Termites are therefore of concern to both homeowners and the French authorities. The law in France requires that when selling a house the vendor is required to commission a report within the DDT that confirms the presence / absence of termites. The report is valid for a period of 6 months and is not qualified to comment on the structure of the house nor the specific consequences of infestation to the particular elements of the building structure.
The modern approach to address infestations includes replacement of damaged wood the application of chemicals to the deter future attack. However, much of the infestation will be in the timber favoured by the termites, buried deep behind masonry and therefore inaccessible to treatment. Accordingly remediation can be very costly and disruptive.
As a Building Surveyor in France we provide advice to adopt a strategic approach to combat termites and importantly provide enhanced defence against future infestation. To better understand the approach, it is important to firstly understand the environment required by termites. Subterranean termites require a damp environment in which to live and avoid sunlight. They build mud tubes to allow them to travel over dry structures and remain concealed from bright light. Accordingly a key to providing a less attractive environment to termites is the removal of damp to the structure and timber within the building. This is normally undertaken by a combination of addressing faults to roofs, gutters, drainage etc in addition to ensuring adequate ventilation to floor voids, roof voids etc. It is important that humid air from within the living areas of the house is ventilated out of the house and not into the roof void. Removal of shrubs and debris etc around the base of the house will also reduce shading and allow for easier inspection and observation of any termite evidence.

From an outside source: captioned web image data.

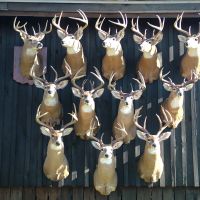 Deer heads 068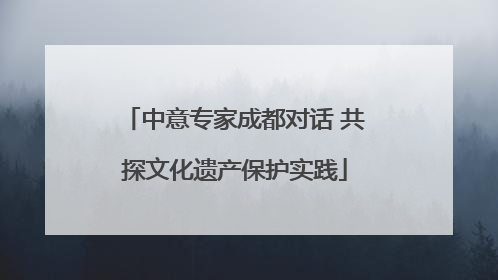 中意专家成都对话 共探文化遗产保护实践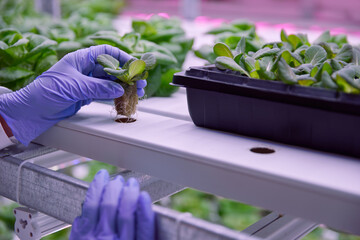 Unrecognizable biologist in lab with green lettuce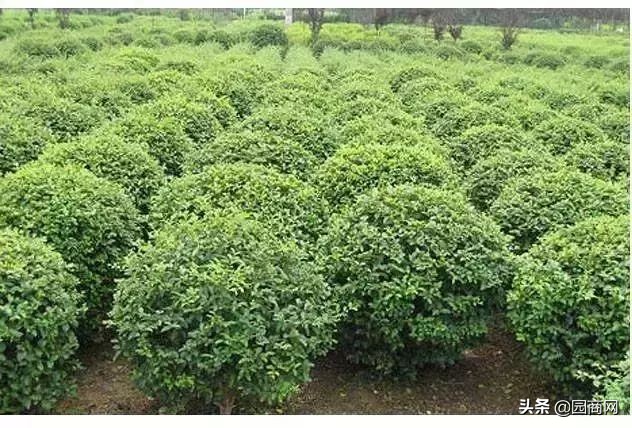 色块苗报价,小色块苗的种植前景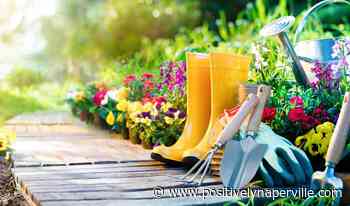 Naperville Gardener – Super Power of the Month: I can 'plant for pollinators' - Positively Naperville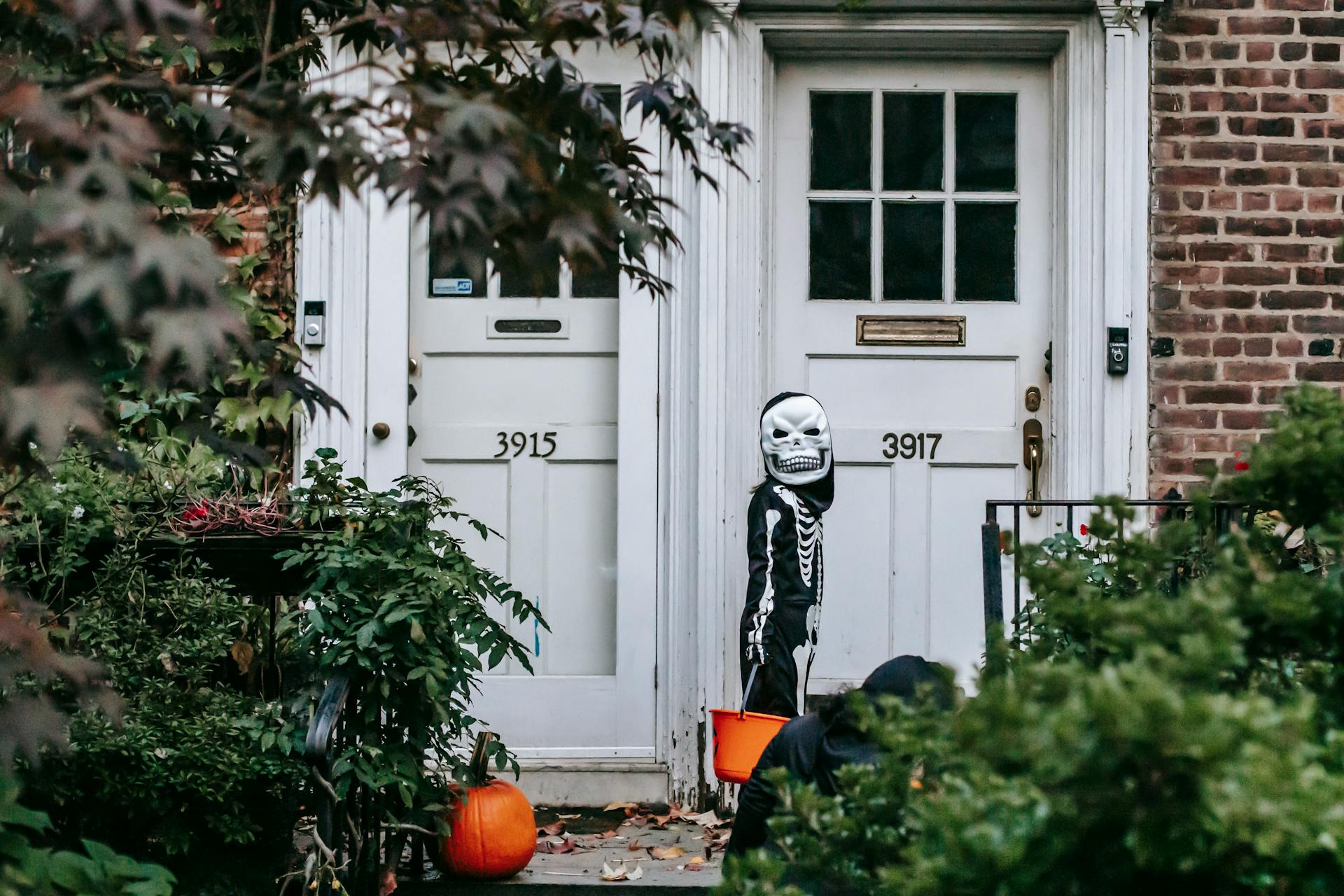 Overgrown shrubs near entrances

‘Dry wood’ termites nest above ground and don’t require contact with the ground. Like any organism, even ‘dry wood’ termites require some moisture to live that they derive from the wood.

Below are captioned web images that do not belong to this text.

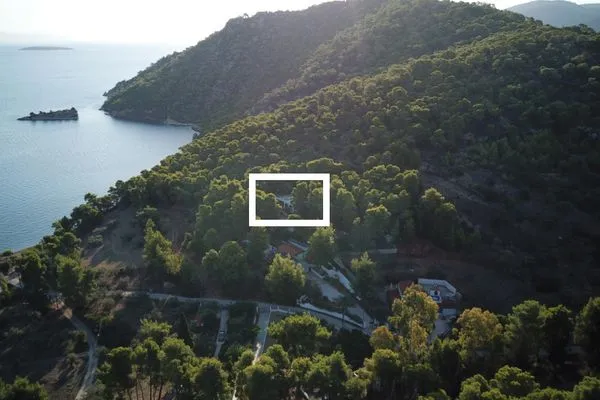 Marked area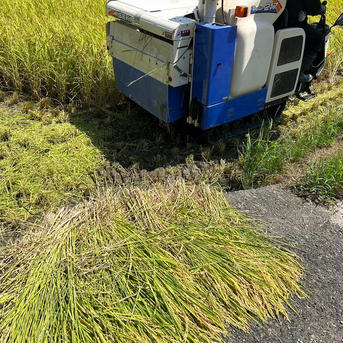 🌟残り僅か🌟令和7年新米❣高知産コシヒカリ🌾玄米30kg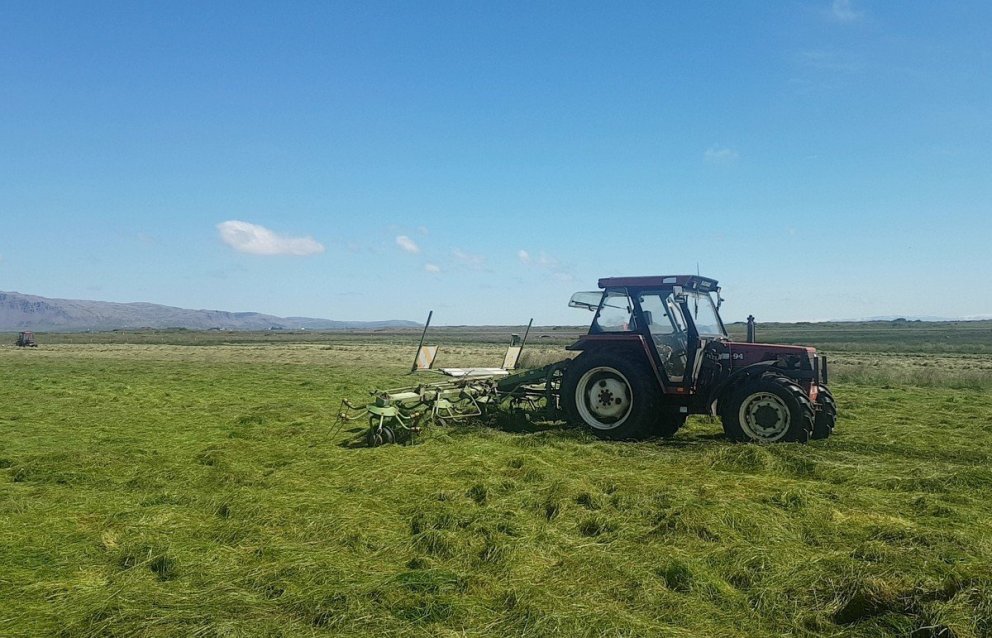 Samantekt á heysýnum 2020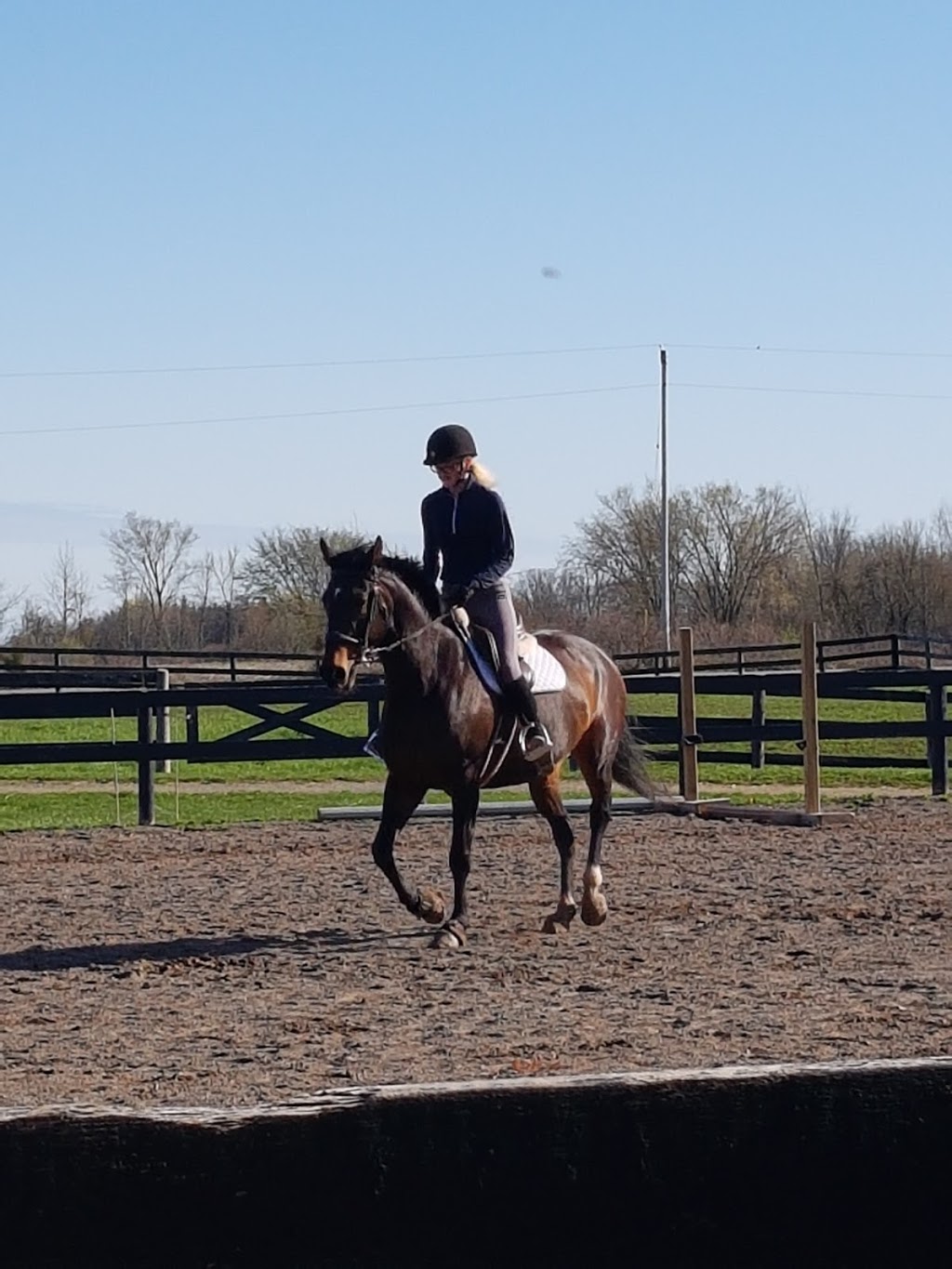 Eagle Wing Ranch | 426 Buchner Rd, Welland, ON L3B 5N4, Canada | Phone: (905) 359-0824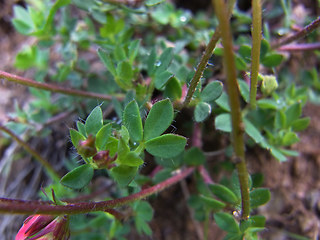 Lotus alpinus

As a Building Surveyor in France, we undertake detailed Property Survey inspections in accordance with RICS training and standards. This includes damp meter readings to timber and masonry. The Survey Report is forward looking, providing recommendations as to how to maintain and ventilate the property so as to keep the structure dry. This in turn will draw moisture away from timber imbedded within stone walls etc. The Survey also includes outbuildings and the general garden / grounds surrounding the house. Specific recommendations are made as to the type of plants / shrubs and flower bed design that should be adopted in the area surrounding the house so as to provide a hostile environment for termites. This is a critical element of the overall measures to be adopted to enhance defence to combat termite infestation. The vendor’s DDT report is valid for 6 months and is understandably caveated by the fact that the inspection cannot assess timber that is inaccessible, including that concealed behind masonry. The principles of our Report recommendations are valid for decades, and include recommendations for the drying of even the concealed timber.